D’une manière générale l’Udc, note pour le regretter, que l’absence d’une démarche à caractère inclusif est l’une des plus grandes faiblesses de la présente réforme.  ‘’Contrairement au processus de la première réforme intervenue en 1996, les travailleurs des sociétés d’eau ont été royalement ignorés lors de la seconde reforme’’. Cette dernière, à en croire les travailleurs de la Sde, n’a pas été évaluée en relation avec toutes les parties prenantes, de manière à bénéficier du retour d’expérience de celle dite de première génération. Par conséquent, ils invitent les différentes parties et plus particulièrement l’Etat du Sénégal, à corriger ce manquement en conduisant, dans l’immédiat, des négociations ouvertes et transparentes avec les partenaires sociaux qui, rappellent-ils, en sont seulement à leur première grève, 23 ans après la privatisation du secteur.

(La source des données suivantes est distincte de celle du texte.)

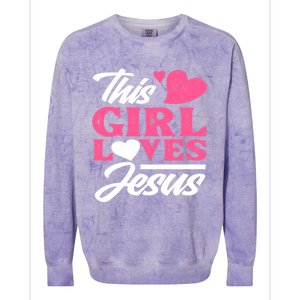 Cute Christian Girl Gift Colorblast Crewneck Sweatshirt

Ce qui témoigne, à leurs yeux, d’un sens élevé des responsabilités et d’un souci constant de se mettre au service des populations. Néanmoins, l’Udc souhaite un dénouement heureux de cette crise dont les populations sont malheureusement les victimes innocentes.

‘’Sones et Onas indexés’’

Dans la note, les travailleurs de la Sde s’insurgent contre les ‘’sorties virulentes’’ et les ‘’coïncidences troublantes’’ de représentants d’organisations syndicales de la Sones et de l’Onas, donnant l’impression d’une mission commanditée dont le seul but semble être de jeter le discrédit sur eux’’. L’Udc se dit ‘’surprise par cette aversion’’ affichée par ces organisations avec qui elle partage le secteur depuis plusieurs décennies et qui n’a finalement eu que le mérite d’accentuer la confusion au sein de l’opinion publique et de raviver la tension dans un contexte déjà assez chargé.

‘’Malgré les nombreuses confusions et maladresses relevées dans ces exercices inopportuns de communication, l’Udc s’impose le devoir d’éviter toute polémique futile et fratricide ne présentant aucun intérêt pour les populations’’.

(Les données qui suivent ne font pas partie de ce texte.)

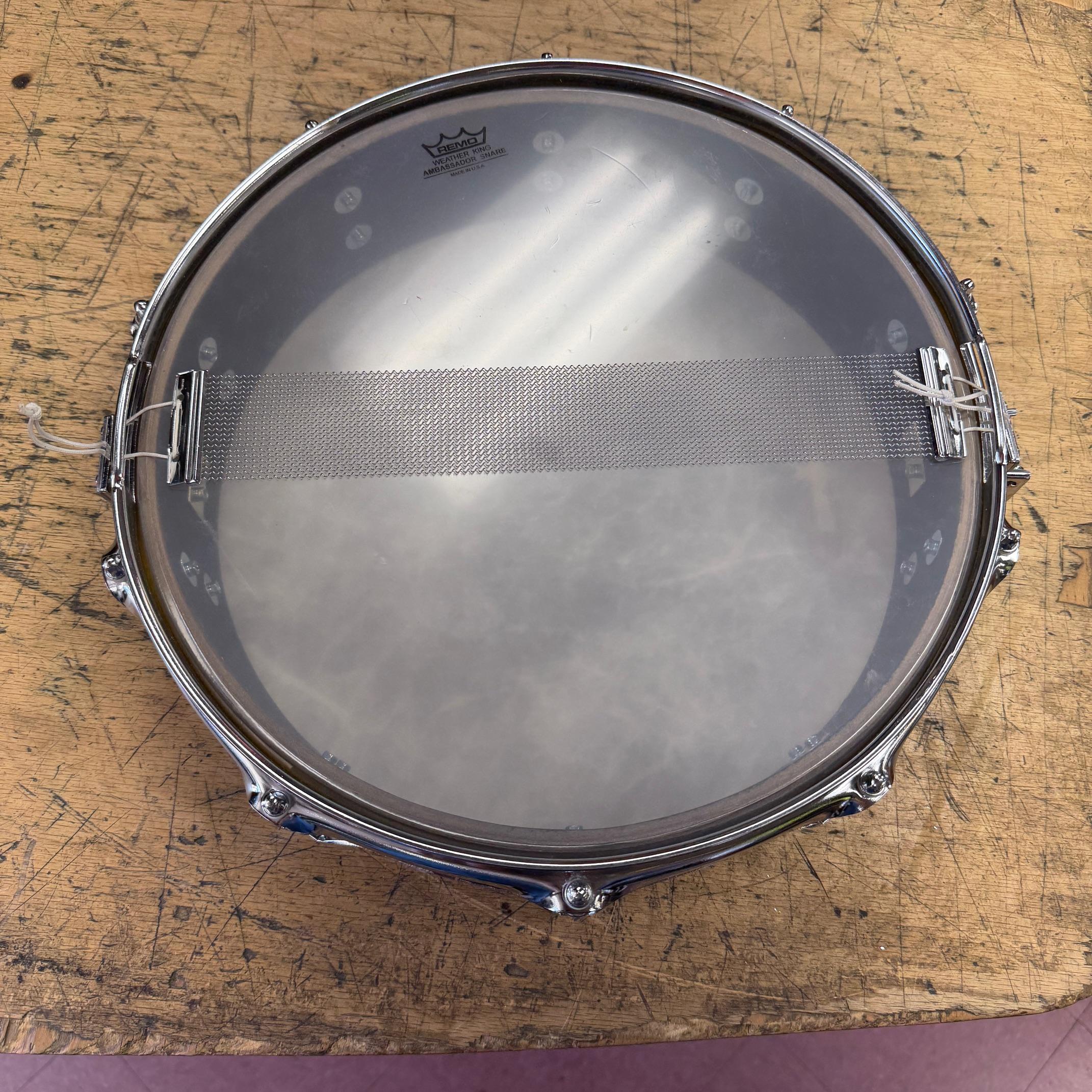 Used Remo MasterTouch 14"x3" Brass Piccolo Snare Drum Made in the USA - Image 3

L’Udc reste aussi convaincue que l’équilibre et la durabilité de ce secteur tiennent avant tout à la cohésion et à la synergie qui existent entre les différentes entités qui le composent. Elle invite, par conséquent, les organisations syndicales ainsi que tous les acteurs à recentrer le débat et les réflexions sur les véritables agressions de nature à altérer les défis du secteur dont certains ont été relevés dans le dernier rapport annuel 2017 de l’Armp. 

Ces défis ont pour noms : les besoins d’anticipation et de réalisation à temps des programmes d’investissement, en vue de régler de manière durable le problème latent des pénuries d’eau à Dakar et dans les autres grandes villes au Sénégal. Ainsi que la préservation des ressources en eau qui font face à de nombreuses agressions de nature à altérer irrémédiablement leur quantité et leur qualité. Le maintien de la baisse du prix de l’eau au profit des ménages suivant les prévisions du modèle financier dans un contexte d’augmentation du prix de l’électricité, l’accès à un service d’assainissement de qualité et la lutte contre les inondations, pour offrir aux citoyens un cadre de vie sain et sécurisé. Enfin, la réussite de la réforme hydraulique en cours dans le monde rural et le besoin de régulation d’un secteur devenu complexe, du fait d’une pluralité d’acteurs, avec des risques de conflit potentiellement élevés.